Ведь стоит нам сообразить, как важен
Для турок Кипр, потом припомнить то,
Что их Родос не так интересует,
Затем что взять гораздо легче Кипр,
Где нет больших и прочных укреплений,
Где средств к защите нет таких, какими
Богат Родос. Подумаем об этом –
И мы поймем, что турки ведь не так
Неопытны, чтоб, главное оставив
И пренебрегши предприятьем легким
И выгодным, пуститься на другое –
Опасное, неприбыльное.
Да,
Они плывут, наверно, не к Родосу.
Вот с новыми вестями к вам гонец.
Входит гонец.
Почтенные синьоры, оттоманы,
Поплывшие к Родосу, близ него
С другим еще соединились флотом.
Я так и знал. А сколько их, как слышно?
Всех тридцать кораблей.

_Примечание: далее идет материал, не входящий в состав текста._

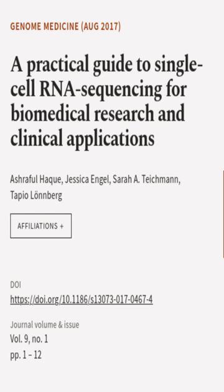This article was authored by Ashraful Huck, Jessica Engel, Sarah A. Teachman, and others.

Затем они
Обратно повернули и теперь
Уже на Кипр плывут. Синьор Монтано,
Ваш преданный и доблестный слуга,
Об этом извещает вас и просит,
Чтоб вы ему поверили.
Теперь
Сомненья нет: их путь направлен к Кипру.
Что, в городе ли нынче Марк Люкезе?
Он теперь во Флоренции.
Напишите ему от нас и попросите, чтоб он возвратился, не медля ни минуты.
Вот и Брабанцио с доблестным мавром.
Входят Брабанцио, Отелло, Яго, Родриго и офицеры.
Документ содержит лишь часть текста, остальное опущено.